The good news is that most companies have already taken the steps needed to prepare, and 90% of study participants say their companies are ready for existing and future challenges arising from Brexit.
“For some factions arguing that Brexit may, in fact, open up new opportunities, it is also worth noting that not a single company without a presence in the U.K. plans to commence operations there in a post-Brexit environment,” says Tom Jacques Greenwich Associates Principal and co-author of Brexit: For Companies and Banks, the Worst is Yet to Come.
Impact on Banks
Virtually all the major Brexit-related changes cited by large European companies seem to be working against U.K. banks.
In cash management, a solid majority of companies in continental Europe say that even after Brexit, they will be looking not for specialists in either the U.K. or EU, but rather for pan-European providers that can meet their needs across countries and jurisdictions.
In the area of lending/working capital, half the companies in the study say that after Brexit, it will matter to them where their credit providers book their debt. For U.K. banks, booking debt with EU entities potentially takes their massive U.K. balance sheets off the table, forcing them to rely on the liquidity they are able to generate in the Eurozone and potentially placing them at a competitive disadvantage.

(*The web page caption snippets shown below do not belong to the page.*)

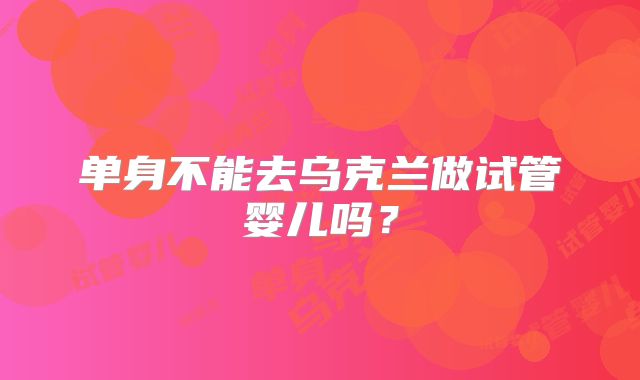 单身不能去乌克兰做试管婴儿吗?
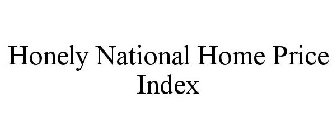HONELY NATIONAL HOME PRICE INDEX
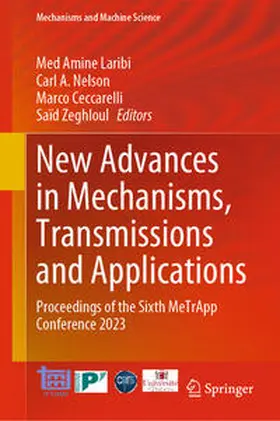 Laribi / Nelson / Ceccarelli |  New Advances in Mechanisms, Transmissions and Applications | eBook | Sack Fachmedien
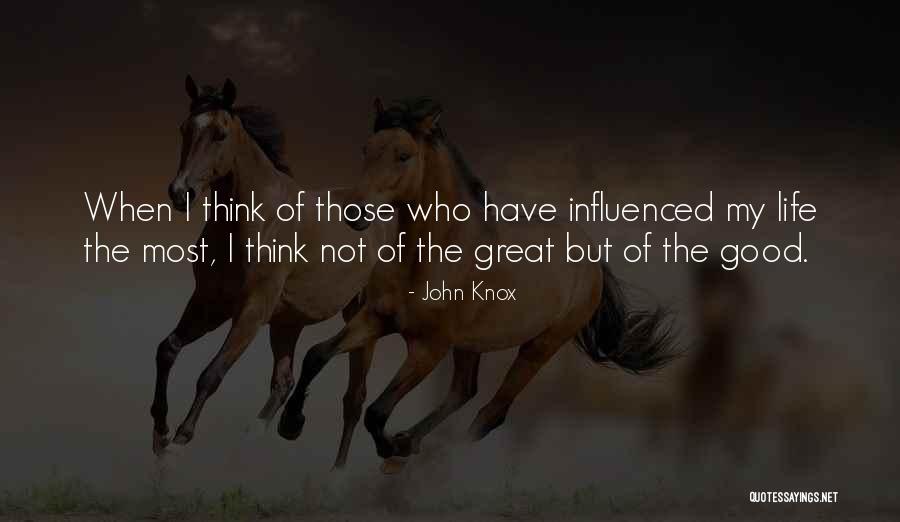 John Knox Quotes 640469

In trade finance, approximately 1 in 3 companies say they are likely to move business away from banks not located in the post-Brexit Eurozone. Separately, more than half of companies in the study say it’s important that their supply-chain finance providers have the ability to operate from both the post-Brexit EU as well as the U.K.
“Across the European marketplace, the impact of Brexit-related changes to companies’ operations in cash management, lending/working capital, trade finance, and other areas is still playing out,” says Dr. Tobias Miarka Greenwich Associates Managing Director and report co-author. “Unfortunately for U.K. banks, especially for those without significant operations on the Continent, none of these changes seem to be working in their favor. Instead, a series of Brexit-triggered changes in corporate demand and preferences appear to be lining up as new headwinds for U.K. banks as they prepare to compete in a post-Brexit Europe.”